Saturday, September 26, 2015

A Bottled Pope: How can water do such great things?

All the news is about Bob Brady drinking the pope's half-empty water glass, and bottling the rest. People are calling him all kinds of names. I'm not sure why. Even if you're not zealous in the way Bob Brady is zealous, you'd think respect for the diverse faith of others would be at least somewhat normative in our great nation, especially in an instance where, as far as I can tell, the congressman impinged on no one's rights and broke no laws.
Brady's reason for drinking the water was simple; he believes anything the pope touches is blessed. Now, before you go calling him crazy, do a self-check and see whether you believe some things are more sacred than others. Do you ask your children to be careful at the front of a sanctuary? Have you ever gone on a pilgrimage. Do you get quiet in cathedrals? 
That being said, do browse over to take a look at the photos he sent to the press of him holding the glass. They're pretty awkward, like an enactment of a special Bob Brady and family liturgy. 
It is a natural inclination, this notion that God's spirit is everywhere, but in certain places or people it is more manifest and intense. And if you're Roman Catholic, then the pope is the sine qua non.
So here's my Protestant/Lutheran insight. As a Lutheran, I happen to believe the vocation of all the baptized is as holy as any other. Luther liked to say that a father changing a diaper is more holy than any monk's prayers in a monastery. Which is nothing against monks or popes, their vocations are holy also. But none are above another, and the lowliest vocations are in fact in some ways more blessed and holy.

This is why, while Bob Brady may drink the pope's water, I eat the scraps from my kids' plates. Because I receive a blessing. And I hate to waste food. 

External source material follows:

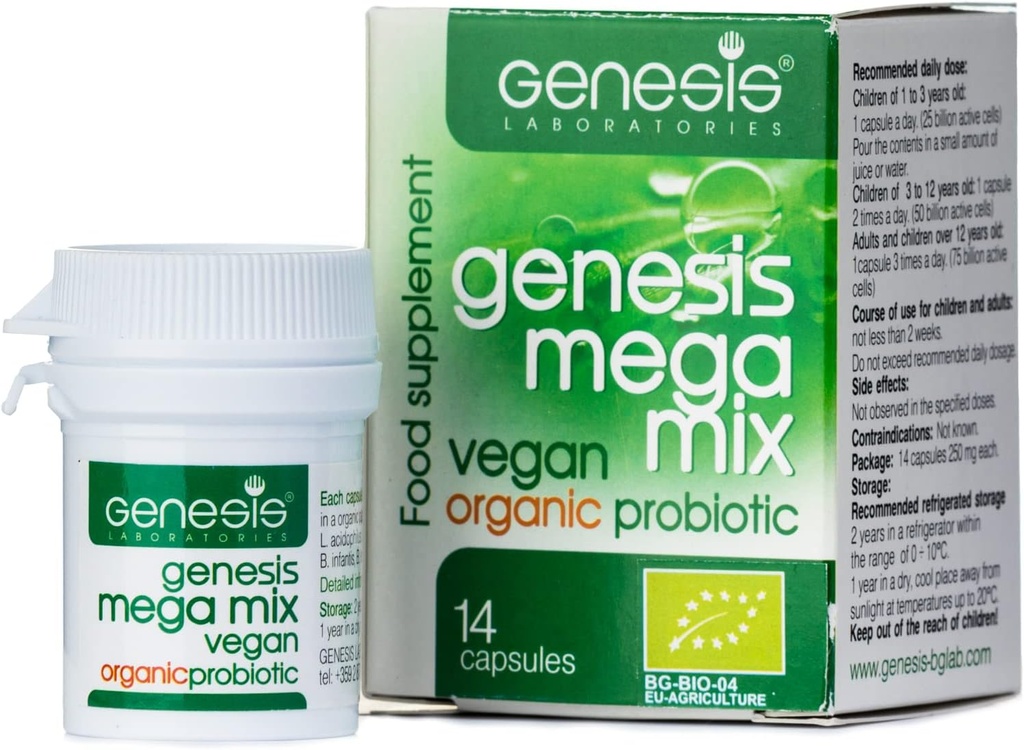 MegaMix BIO Probiotic for Gut Health | Shelf Stable Probiotics for Women & Men with Lactobacillus & Bifidobacterium for Digestive, Immune & Gastro - טבעוני, 14 קפסולות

More seriously, if we attend to some good catechetical resources, Lutherans can say one more pithy thing about water. Luther taught in the Small Catechism:
How can water do such great things?--Answer.
It is not the water indeed that does them, but the word of God which is in and with the water, and faith, which trusts such word of God in the water.
Now, this commentary on water is in reference to baptism, which is somewhat distant from the pope's glass of water. Nevertheless, we do treat all these things in similar ways. Often we want a special person to baptize our child. I myself brought water from the Jordan River and used it at the baptism of our first child. Did I think there was something magical? Not really. Did it seem, well, richly symbolic and meaningful? Yes.

Luther reminds us that it is the word together with the water, the promise in the water, that does these things. So Bob Brady's piety is hovering around close to the theological center in the way popular piety does. It's not quite wrong, it's not quite right, but it is zealous. And in such cases it is best to leave these things up to individual piety, neither condemning or condoning, but living and letting live. 

It is, in fact, adiaphora. Take it or leave it.

Then, hold on tight to the word and promises of God.

--
Now observe that when that clever harlot, our natural reason (which the pagans followed in trying to be most clever), takes a look at married life, she turns up her nose and says, “Alas, must I rock the baby, wash its diapers, make its bed, smell its stench, stay up nights with it, take care of it when it cries, heal its rashes and sores, and on top of that care for my wife, provide for her, labour at my trade, take care of this and take care of that, do this and do that, endure this and endure that, and whatever else of bitterness and drudgery married life involves? What, should I make such a prisoner of myself? O you poor, wretched fellow, have you taken a wife? Fie, fie upon such wretchedness and bitterness! It is better to remain free and lead a peaceful. carefree life; I will become a priest or a nun and compel my children to do likewise.”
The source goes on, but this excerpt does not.